The society’s first Bulletin was published in February 1951 with Chase as editor.  With number three it became The Shaw Bulletin, and as of number 5 in May 1954 it was edited by Dan H. Laurence. The society’s meetings were arranged largely by theatrical lawyer David Marshall Holtzmann, the treasurer, and lawyer-bibliophile Maxwell Steinhardt, who arranged for the use of the Grolier Club in New York.   When illness prevented Laurence from continuing, Stanley Weintraub became editor, publishing a centenary issue (number ten) in November 1956.   The Bulletin metamorphosed into The Shaw Review once it began regular publishing via the Penn State Press, and in 1981 became SHAW.  The Annual of Bernard Shaw Studies, edited by Weintraub into 1989 and then by Fred D. Crawford until his death.  Volumes 21 in 2001 and thereafter into 2004 were edited by Gale K. Larson with MaryAnn Crawford.   However, the Society began to fail much earlier with the deaths of its chief New York sponsors, and faded from the scene in the 1970s.

While the Shaw Society of America remained active, a parallel local organization began operation, the Bernard Shaw Society, which originated in 1952 as the New York regional group of the London Shavians.  Its organizer was Vera Scriabine, an immigrant who had long before fled the Bolshevik revolution and who held the first meetings in her Washington Square apartment.   Its organ, The Independent Shavian, begun in 1962, still continues, and its meetings since 1984 have been held in the town house of the American Irish Historical Society.   Its current president is Rhoda Nathan, a professor emerita at Hofstra University, and its secretary is Douglas Laurie at Box 1159 Madison Square Station, New York 10159-1159.  

For a time, primarily in the 1960s, regional Shaw societies flourished in Chicago and Los Angeles, largely dependent upon energetic sponsors, Lois Solomon in Illinois and Eddy Feldman in California.  For many years the California group held an annual vegetarian Shaw birthday dinner with a guest G.B.S. scholar as speaker.   “Bernard Shaw Day” in Chicago also featured a vegetarian luncheon, and a symposium.  

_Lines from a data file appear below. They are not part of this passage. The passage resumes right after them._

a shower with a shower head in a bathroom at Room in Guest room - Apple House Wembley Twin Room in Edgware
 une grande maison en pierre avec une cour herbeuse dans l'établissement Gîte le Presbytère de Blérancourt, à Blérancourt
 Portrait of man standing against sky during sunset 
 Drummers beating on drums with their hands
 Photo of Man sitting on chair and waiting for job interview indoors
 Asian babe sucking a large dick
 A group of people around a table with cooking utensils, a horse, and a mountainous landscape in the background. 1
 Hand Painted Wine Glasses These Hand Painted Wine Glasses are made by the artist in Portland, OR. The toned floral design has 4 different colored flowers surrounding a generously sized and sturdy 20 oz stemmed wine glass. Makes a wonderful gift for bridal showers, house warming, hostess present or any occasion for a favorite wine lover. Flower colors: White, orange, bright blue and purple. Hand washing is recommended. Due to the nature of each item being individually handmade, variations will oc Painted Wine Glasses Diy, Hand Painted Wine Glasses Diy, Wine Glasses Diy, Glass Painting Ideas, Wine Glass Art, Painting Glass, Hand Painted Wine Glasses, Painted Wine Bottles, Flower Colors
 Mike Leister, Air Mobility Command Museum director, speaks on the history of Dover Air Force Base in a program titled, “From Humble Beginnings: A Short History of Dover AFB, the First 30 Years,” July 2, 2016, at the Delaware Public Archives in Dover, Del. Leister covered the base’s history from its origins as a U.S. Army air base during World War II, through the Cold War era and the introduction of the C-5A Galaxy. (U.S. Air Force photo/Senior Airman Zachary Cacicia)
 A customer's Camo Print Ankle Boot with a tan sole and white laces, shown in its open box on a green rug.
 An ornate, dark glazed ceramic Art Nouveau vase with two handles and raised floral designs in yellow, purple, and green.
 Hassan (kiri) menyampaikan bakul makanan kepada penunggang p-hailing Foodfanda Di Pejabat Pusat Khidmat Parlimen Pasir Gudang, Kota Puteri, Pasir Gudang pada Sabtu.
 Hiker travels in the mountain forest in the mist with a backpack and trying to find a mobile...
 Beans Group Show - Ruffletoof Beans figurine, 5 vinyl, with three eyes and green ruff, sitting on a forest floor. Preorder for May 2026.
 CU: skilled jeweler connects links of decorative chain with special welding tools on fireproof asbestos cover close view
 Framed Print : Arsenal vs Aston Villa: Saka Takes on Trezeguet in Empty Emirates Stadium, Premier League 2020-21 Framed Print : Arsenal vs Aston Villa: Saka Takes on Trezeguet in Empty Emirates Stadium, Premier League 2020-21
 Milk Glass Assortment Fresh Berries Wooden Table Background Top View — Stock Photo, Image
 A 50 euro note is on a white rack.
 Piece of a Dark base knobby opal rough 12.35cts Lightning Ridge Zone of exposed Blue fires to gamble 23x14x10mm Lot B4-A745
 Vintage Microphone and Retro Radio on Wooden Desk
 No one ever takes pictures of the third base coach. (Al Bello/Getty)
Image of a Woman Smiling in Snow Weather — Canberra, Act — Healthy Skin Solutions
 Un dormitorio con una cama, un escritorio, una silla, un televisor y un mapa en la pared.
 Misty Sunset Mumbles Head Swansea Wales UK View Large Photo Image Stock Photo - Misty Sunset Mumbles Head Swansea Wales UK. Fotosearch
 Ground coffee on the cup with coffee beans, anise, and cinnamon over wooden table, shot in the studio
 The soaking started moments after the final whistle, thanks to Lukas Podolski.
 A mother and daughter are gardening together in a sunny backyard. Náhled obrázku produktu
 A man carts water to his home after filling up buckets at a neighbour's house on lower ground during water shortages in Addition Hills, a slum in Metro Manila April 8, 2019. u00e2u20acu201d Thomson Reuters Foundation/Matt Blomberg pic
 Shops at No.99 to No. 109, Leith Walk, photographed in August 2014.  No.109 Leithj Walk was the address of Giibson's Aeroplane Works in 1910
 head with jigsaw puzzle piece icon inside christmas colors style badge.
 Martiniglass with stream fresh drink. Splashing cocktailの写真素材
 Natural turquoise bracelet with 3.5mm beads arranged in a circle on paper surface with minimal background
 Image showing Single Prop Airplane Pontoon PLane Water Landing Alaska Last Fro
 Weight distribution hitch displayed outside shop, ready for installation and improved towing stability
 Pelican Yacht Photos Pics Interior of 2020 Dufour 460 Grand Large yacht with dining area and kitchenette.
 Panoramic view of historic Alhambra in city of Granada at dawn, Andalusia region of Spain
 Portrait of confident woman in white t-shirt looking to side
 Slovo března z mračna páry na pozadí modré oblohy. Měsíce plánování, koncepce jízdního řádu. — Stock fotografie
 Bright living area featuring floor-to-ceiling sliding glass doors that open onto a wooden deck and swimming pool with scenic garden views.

Other Shaw societies have arisen abroad.  A Shaw Society of Japan holds regular meetings, usually in Tokyo.   A Shaw Society of India founded in 1984 by Vinod Sharma, formerly of the University of Delhi, holds conferences in collaboration with sponsoring Indian universities in various places across the nation.   Given the costs of international travel, it is likely that further such societies will materialize.